Let's dig into three ways Joseph models thanksgiving for us today:
Purchased by an Egyptian official, Joseph enters Egypt penniless but rich in God's nearness. In Potiphar's house, God's presence with Joseph is apparent, for "the LORD gave him success in everything he did." Joseph receives reign over Potiphar's house, but refusing the advances of Potiphar's wife reaps her vengeance. Joseph finds himself destitute once more, this time in Pharaoh's prison. But again, "the LORD was with him; he showed him kindness." God proves His presence is His most excellent provision.
Do you consider God's personal, gracious, all-powerful, and loving presence with you as His greatest kindness towards you? It may be easier to thank God for the elevated position, the success of our hands, or His deliverance through challenges. But what about being glad He is with you in all things? How might you thank God for His constancy?
Consider Psalm 139:7-10: "Where can I go from your Spirit? Where can I flee from your presence? If I go up to the heavens, you are there; if I make my bed in the depths, you are there.

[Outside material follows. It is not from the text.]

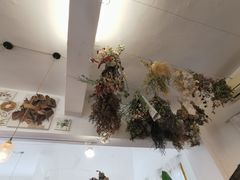 -知物癖(牛王庙店)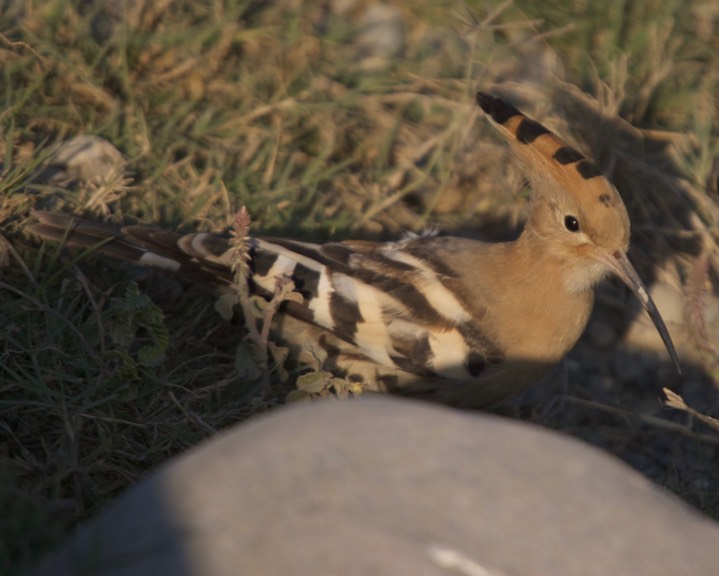 Hoopoe, 7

If I rise on the wings of the dawn, if I settle on the far side of the sea, even there your hand will guide me, your right hand will hold me fast."
Let's thank God: God, apart from you, I can do nothing. But with you, no matter what I do or where I am, I have everything—I have you.
In prison, God gifts Joseph with the successful interpretation of two dreams: one for a baker doomed to die and a cupbearer soon to be saved. But Joseph waits two years until God's plans fall into place—Pharaoh has a dream no one can resolve. Summoned for interpretation, Joseph credits God: "I cannot do it… but God will give Pharaoh the answer he desires." Through Joseph, God provides a plan for seven years of plenty and seven years of famine. Promoted to second in command, Joseph leads Egypt as God directs. With thanksgiving, he names his sons after God's prevailing purposes in his pain.
What troubles tempt you to give up hope in God's purposes? Does the thought of thanking God in all things sound impossible? God prepares good works for His children to walk in (Ephesians 2:10), but often, walking in the good the Lord has prepared may mean trusting Him in seasons of deep suffering.
Consider Romans 5:3-5: "Not only so, but we also glory in our sufferings, because we know that suffering produces perseverance; perseverance, character; and character, hope. And hope does not put us to shame, because God's love has been poured out into our hearts through the Holy Spirit, who has been given to us."
Let's thank God: Thank you, God, for your care for me throughout the mundane, the difficult, and the successful seasons. God, with you, my suffering is never wasted. You are faithful to produce your good from all things.
In the years of famine, God ordains a miraculous opportunity for Joseph to put thanksgiving into practice; His brothers arrive in Egypt to buy his grain. What in the world would YOU do? At first, Joseph puts them through a series of tests, only to discover their haunted, guilty hearts. But time and again, Joseph does not react with vengeance; instead, he repeatedly weeps. When God's timing arrives to reveal his identity, Joseph draws his brothers close. Forgiveness and grace overflow from Joseph's thankful heart for all God has done.
Do you have a heart of deep thankfulness for the favor God has shown you? Does your gratitude for God's work in your life overflow into your treatment of others? It's true; our words reveal the state of our hearts (Luke 6:45). But God calls His redeemed children to LIVE in response to the forgiveness and life we've undeservedly received.
Consider Luke 6:46-48: "Why do you call me, 'Lord, Lord,' and do not do what I say? As for everyone who comes to me and hears my words and puts them into practice, I will show you what they are like. They are like a man building a house, who dug down deep and laid the foundation on rock."
How does Joseph's story inspire you to dig in the grounds of your life to lay a deeper foundation of thankfulness for God's character and work? Joseph teaches us: When we're in awe of the One who made us, saves us, and is with us in all things, He makes us fruitful for His purpose and transforms us to live a life of thanks to Him.